Areas treated: Underarms (it cannot be used on the hands and feet because there isn’t enough protective fat in these areas).
How it works: The device generates electromagnetic energy that destroys the sweat glands permanently.
Side effects: Since this is a newer treatment, the long-term effects are not known.
In severe cases, if other treatments don’t work and a person has heavy sweating that affects their quality of life, doctors may offer surgery to bring relief. While surgery is a permanent cure for hyperhidrosis, it carries risks. Two types of surgery can be performed to stop excessive sweating - surgical removal of the sweat glands and sympathectomy.
Areas treated: Underarms, hands.
How it works: The sweat glands are removed from the underarms using techniques like excision, curettage, laser, and liposuction. The surgery is done in a dermatologist’s office using local anesthesia.
Sympathectomy surgery is a major surgical procedure that is performed in an operating suite. The surgeon cuts and destroys certain nerves in the sympathetic nervous system that carry nerve signals to the sweat glands. It is mainly used to treat palmar hyperhidrosis (excessive sweating in the palms).

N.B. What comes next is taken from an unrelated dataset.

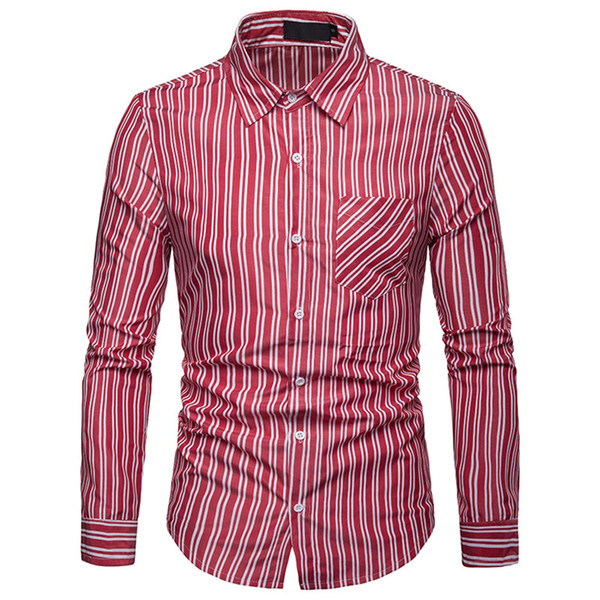 Men's Casual Long Sleeve Wedding Shirt Business Vertical Stripe Clothes Slim Three Colors Multiple Sizes men shirts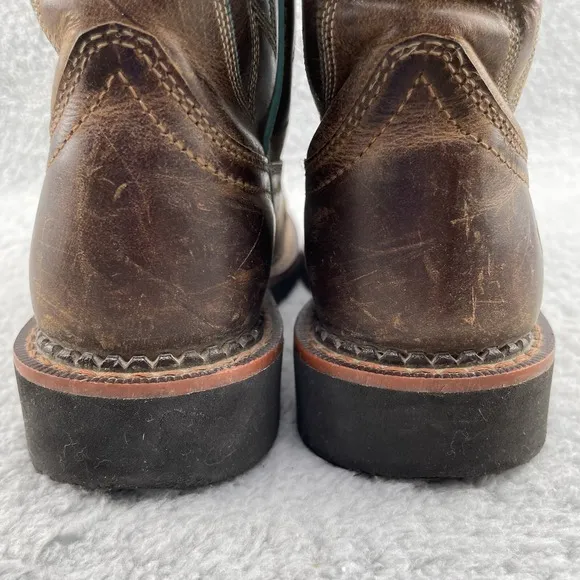 Ariat Western Boots Girls 13 Teal Brown Leather Cowgirl Rodeo Outdoor Riding 90s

Side effects: Soreness and bruising. There are also surgical risks like infection, scarring, nerve damage, permanent loss of sensation, low blood pressure, irregular heartbeat, and death. Some patients develop compensatory sweating that causes them to sweat even more heavily than they did from hyperhidrosis.
Can you cure hyperhidrosis permanently?
If you have received a hyperhidrosis diagnosis after a dermatologist’s evaluation and/or thermoregulatory sweat test, there are many treatments available that can help you live a more comfortable life without sweating bullets for no apparent cause. However, if you want to cure hyperhidrosis and never sweat excessively again, then the only option is thoracic sympathectomy surgery, also called endoscopic transthoracic sympathectomy (ETS). This is the only way to get permanent relief from hyperhidrosis, but it carries considerable risks.